Reasoning about interactions and relations is central to human intelligence and represents a key objective in the field of artificial intelligence (AI). With the era of big data and advances in AI technologies, we are now able to extract multimodal, high-dimensional data from an extensive array of scenes. This thesis addresses the critical question of how to analyze and study the characteristics of such data, uncover the underlying low-dimensional representations and interaction features, and leverage these findings in various downstream applications, such as robotics, scene analysis, and biomedicine.

From a methodological and modeling perspective, I investigate the notion that neural interaction models based on biological neural networks can often be abstracted into small-world network models. I examine whether similar topological interaction patterns can be applied to artificial neural networks and deep learning (DL) models. Based on this, I have designed the community channel network (CC-Net), embedding the small-world model into convolutional neural networks (CNNs), thereby enhancing neural network performance in representation learning efficiently and adaptively.

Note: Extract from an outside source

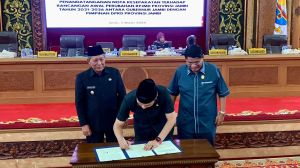 DPRD dan Pemprov Jambi Sahkan 7 Perda, Edi Purwanto: Kita Minta Segera Ditindaklanjuti dengan Pergub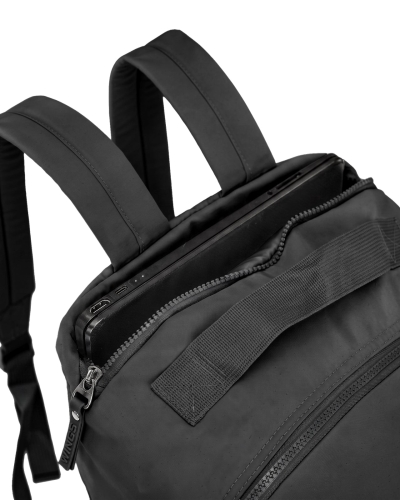 SLN002-BP-BLACK-LAPTOP.jpg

I extend this research philosophy to the application of similar interaction models in various multimodal contexts, encompassing macro- and micro-interaction levels. Macro-interactions refer to large-scale interactions primarily involving humans. These interactions occur in real-world scenarios and are explicitly represented through pairs. I studied (1) human-robot interaction. I developed a unified framework that combines interaction learning with multimodal learning. This framework is applied in real-world kitchen scenarios where robots interact with the environment, collecting multimodal data (including sound and video) to discern critical scene information such as the volume of liquid in containers, types of containers, and food categories, potentially aiding in the deployment of home-assistance robots. (2) human object interaction (HOI): I studied HOI in natural images, implementing efficient object detection and interaction categorization during temporal changes in data distribution. This helps overcome model forgetting and potentially aids downstream tasks such as scene understanding and robotics. (3) human-sensor interaction. I designed a deep learning-based temporal method that analyzes a runner’s biomechanics parameters and performance levels by collecting inertial measurement unit (IMU) signals during their run. This analysis helps improve athletic performance and rehabilitation training for different runners. Micro-interactions are concerned with the granularity of chemical compounds, occurring at the molecular or feature level within controlled laboratory settings. My research specifically focused on predicting properties of molecular data. I developed a benchmark to test the performance of various pre-trained graph models under out-of-distribution (OOD) scenarios, such as changes in molecular scaffolds, size, and assays. The findings demonstrate the robustness of pre-trained models in OOD scenarios, outperforming specially designed methods (such as disentangle learning) and offering a streamlined and effective solution for molecular graph prediction in real-world data scenarios.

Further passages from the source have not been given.